Por eso, y todavía no sé la razón, el dos de febrero, el día de la virgen de la Candelaria, muchos lo escogieron como el comienzo de la subienda, en especial un compositor chocoano que tiene por qué saberlo, y en vez de irse de pesca, más bien tomó papel y lápiz y nos regaló una bella canción que inmortalizó Gabriel Romero. Se llama de manera muy simple: La subienda.
Un día de estos tendremos la oportunidad de ahondar en la vida del cantante Gabriel Alonso Suárez Romero, el hombre que nació en Sabanagrande Atlántico el 20 de septiembre de 1943, el mismo que desde los diez años se le dio por integrar un conjunto musical con sus compañeritos para imitar a las grandes orquestas y ser integrante de algunas de ellas, sueñó que hizo realidad, al que con toda la razón lo bautizaron como Gabriel el "Rumba" Romero y también le aplicaron el de El Cumbiambero Mayor, el mismo que con su voz inmortalizó canciones como Violencia, La piragua, por apenas mencionar sus primeras incursiones; ah, y La subienda. Así que será otro día el que escribiremos sobre este personaje porque hoy nos montamos en el bus de Senén Eduardo Palacios Córdoba.

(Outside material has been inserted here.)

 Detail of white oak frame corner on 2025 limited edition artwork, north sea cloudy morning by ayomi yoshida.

La historia dice que lo han conocido siempre como Neguá, por haber nacido en la población chocoana de San Rafael de Neguá, muy cerca de la capital, Quibdó, el 21 de julio de 1951. Desarrolló el arte como un músico autodidacta y desde sus 19 años empezó a componer canciones, y a principios de 1970 creó su primera agrupación a la que llamó Neguá y su Gente y otra que fue conocida como La Negramenta. Su canción bandera, La subienda, la compuso hace 43 años, en el mes de febrero de 1980 y al poco tiempo se la entregó a Gabriel Romero en los propios estudios de Discos Fuentes, en la ciudad de Medellín. También coincidió con los buenos tiempos en los que mandaba la parada la orquesta de Fruko y sus Tesos, la que le grabó su primera composición, el clásico Nadando, en la voz de Joe Arroyo, por allá por el año de 1973. Y con esa pieza despegó la carrera del popular Neguá, quien se convirtió en un verdadero embajador de la cumbia colombiana en diferentes países.

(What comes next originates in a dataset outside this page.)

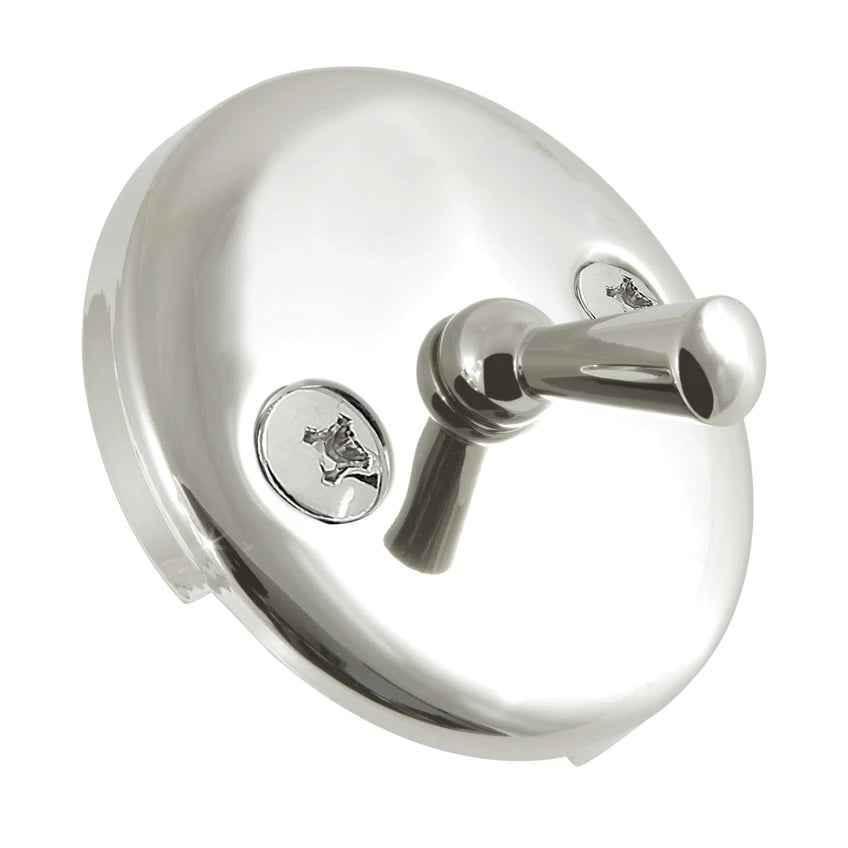 Round Bathtub Overflow Plate with Trip Lever in Polished Nickel-DirectSinks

Esto le permitió ir a Europa en donde vivió por temporadas, pero siempre regresó a su pueblo amado, como el siempre decía cuando se refería a su natal Neguá. Fue allá en esas tierras en donde protagonizó una serie de anécdotas que lo pintan de cuerpo entero, es decir, como un personaje excéntrico y desfachatado. Al decir del vocalista Markitos Micolta, paisano de Senén, se trata de “un negro muy especial”. Y va más allá cuando dice: “Al principio yo pensé que era como un loquito, pero cuando ya lo fui conociendo me di cuenta de que era una persona muy importante en la música en Colombia”.

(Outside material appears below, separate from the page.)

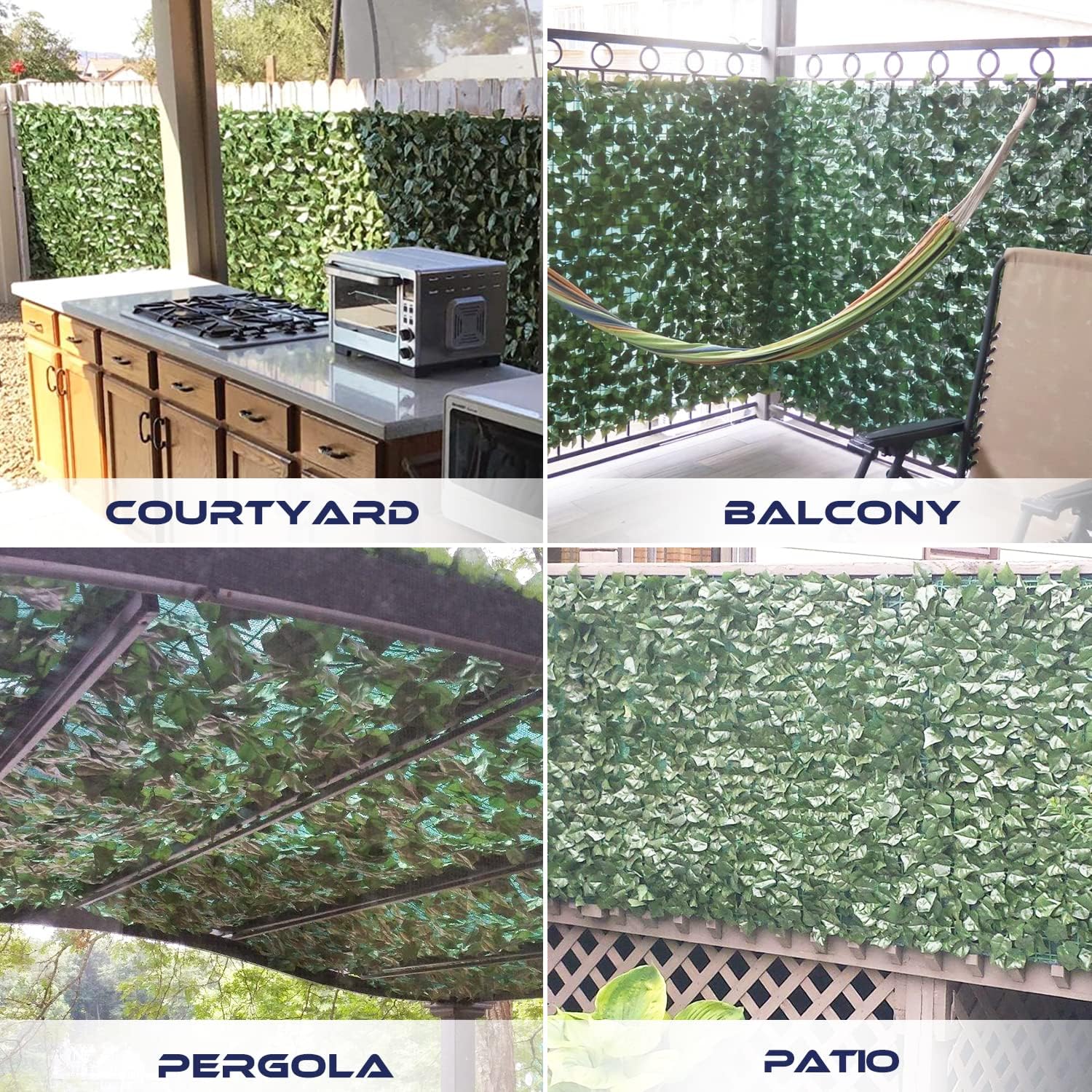 1PC ' Artificial Faux Ivy Leaf Decorative Fence Screen Faux Leaves Fence Cover Wall / 4' x 10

Aparte de ser un eximio compositor, fue además director de orquesta experto en salsa y música tropical, actividades que le permitieron dejar para la posteridad un innumerable catálogo de canciones, que ya se consideran clásicos como Las cabañuelas y Valluna que grabaron Los Latin Brothers; El árbol que me daba sombra, Nadando, con Fruko y sus Tesos: La guagua y El carbonero, clásicos del Combo Candela; Caperuza para Los Pico Pico; El disfraz en interpretación de Los Corraleros de Majagual, y El barbudo junto con Las mujeres de San Juan para la agrupación Afrosound.
Pero sin duda alguna, el éxito más reconocido de Senén Eduardo Palacios Córdoba es La subienda, una cumbia convertida en clásico por el cantante Gabriel "Rumba" Romero, y que nació de la tristeza de su tío, un humilde pescador chocoano, al ver que solo podía salir a pescar un día al año mientras que el resto de la temporada escaseaba el pescado.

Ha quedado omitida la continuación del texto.